Comparing term, semi-flexi and full-flexi property loans. How to choose the best property loan for your property purchase? What other factors should you consider?
An Introduction to Property Loans
Most property buyers will look at financing for their property purchase. Property loans are based on a reducing balance method. Your property loan follows an amortization table whereby every monthly loan payment goes to paying interest while the remainder reduces the principal owed. There are some key differences between basic term, semi-flexi and full-flexi home loans to consider for your property mortgage.
Basic Term Loans
- Fixed repayment schedule.
- Fixed monthly installment throughout loan tenure.

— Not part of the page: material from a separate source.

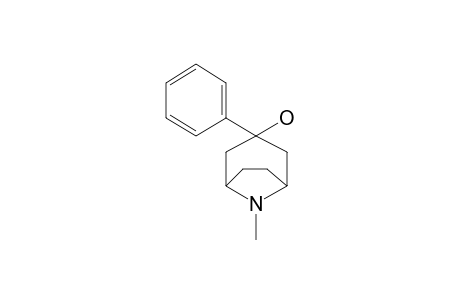 8-Methyl-3-phenyl-8-azabicyclo[3.2.1]octan-3-ol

- Requires financier prior approval to make additional payments to reduce your principal owing.
Semi-Flexi Loans
- Flexible repayment schedule
- Monthly installment based on Base Rate (or previously Base Lending Rate)
- Additional amount can be paid to reduce principal owing (either automatically or by specifying principal when making loan payment).

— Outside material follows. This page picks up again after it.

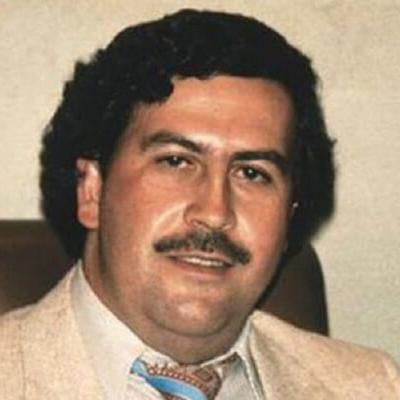 Pablo Escobar Music's cover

- Depending on financier, may have option to withdraw additional payments made with a fee charged (RM25-100 per withdrawal) and some processing time.
Full-Flexi Loans
- Similar to above semi-flexi loans.
- A key difference that you can withdraw additional payments made previously out at anytime with no charge to a linked current account.
- Not offered by all financiers.
Islamic vs Conventional Loans
Conventional financing earns profit from the interest charged to the loan borrower. Islamic financing avoids interest (riba) and instead works by buying the property and then selling it back to the borrower at a profit under Bai Bithamin Ajil (BBA).
Islamic Loans Pros
- Capped profit rates for floating profit rates (check for stated ceiling rate with BBA agreement).
- No lock-in period for early settlement of loan.
- Slightly lower late payment fees.
Islamic Loans Cons
- Difficult and more expensive to alter or top-up loan as a new agreement is required replacing the previous one.
- Information and details for early settlement, late payments, etc are more difficult to read and understand with less transparency.
- Higher costs and fees including insurance costs (MRTT vs MRTA) etc.
Other
- Islamic loans have an extra 20% off stamp duty BUT has additional loan documents required thus you end up not saving.
Choosing the Best Home Loan for You
- For most people, a semi-flexi loan gives you the best of flexibility with a small fee for your infrequent withdrawals if necessary. The flexibility is helpful to place additional funds/bonus/etc into to reduce interest and total amount paid especially if it’s your primary residence.
- A term loan can be considered as an option if you can get a good interest rate. Especially if you’re buying a property for rental purpose and if less likely to make principal reduction payments as you focus on rental cashflow.
- A full-flexi loan is useful if you have many large cashflow transactions occurring possibly due to the nature of business you are running. A full-flexi loan may charge you slightly higher interest rates as well.
Other Considerations
- Consider how much you can borrow based on net income, current debts, and monthly repayments.
- Consider the amount of financing required: from 100% (first property if qualified), 90% (up to 2 properties), or 70% (3rd property onwards).
- Consider loan repayment period up to typically 35 years or age 70 (whichever shorter).
- Compare different rates offered by different banks & sometimes even different branches.
- Compare whether you will take insurance (MRTA/MTTA) from the financier which may qualify you for slightly better rates.
- Consider the lock-in period whereby you face a penalty if you pay off the home loan early (i.e. Sell to another buyer)
- Consider the convenience and trustworthiness of the financier.
More Info
FAQ
Q: Should I take a home loan where the financier pays for the interest during construction?
While it may look attractive at a glance, often a higher interest rate is charged for you entire loan making it significantly more expensive in the long-term. Run a calculation or work with your PF Advisor.
Q: My financier told me that I can make advance capital payments even with a term loan.
A: Make sure that what is informed is stated clearly in your property financing agreement to make sure that you can make additional payments when you want to which will reduce the principal and interest charged.